Dataset excerpt:

▼

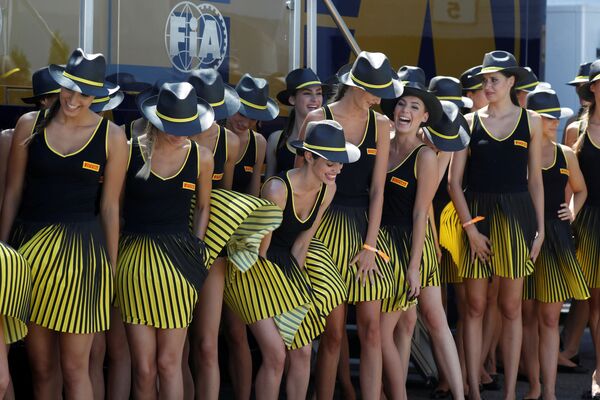 فتيات الجائزة الكبرى فورمولا-1 في بودابست، المجر 30 يوليو/ تموز 2017 - سبوتنيك عربي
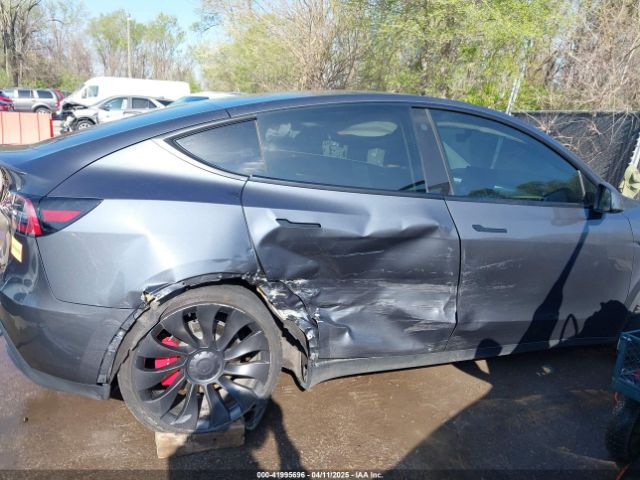 2023 TESLA MODEL Y 7SAYGDEF3PF595170 Photo 5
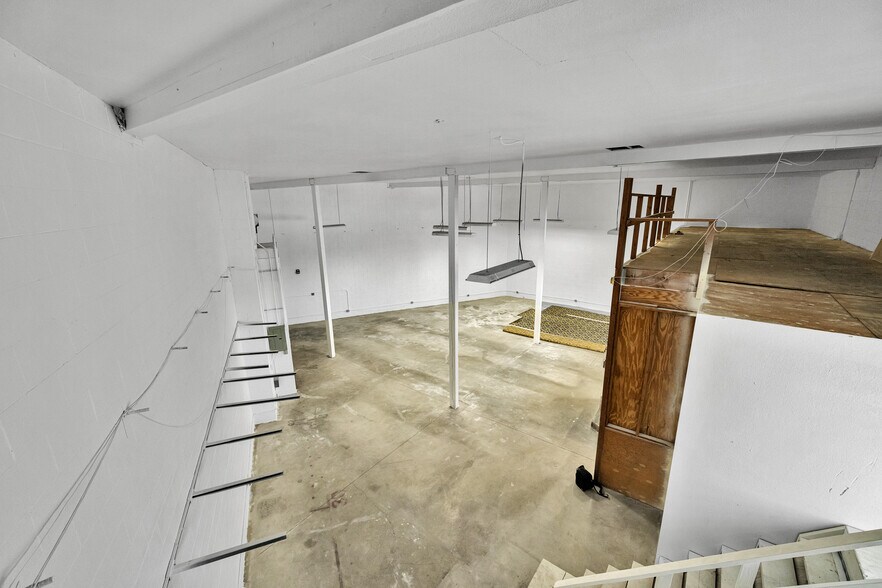 More Photos Of 4931 Venice Blvd, Los Angeles Storefront For Lease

▲

Exercise description:
Output all the material above exactly once more, leaving every picture out.

Expected answer:
 فتيات الجائزة الكبرى فورمولا-1 في بودابست، المجر 30 يوليو/ تموز 2017 - سبوتنيك عربي
 2023 TESLA MODEL Y 7SAYGDEF3PF595170 Photo 5
 More Photos Of 4931 Venice Blvd, Los Angeles Storefront For Lease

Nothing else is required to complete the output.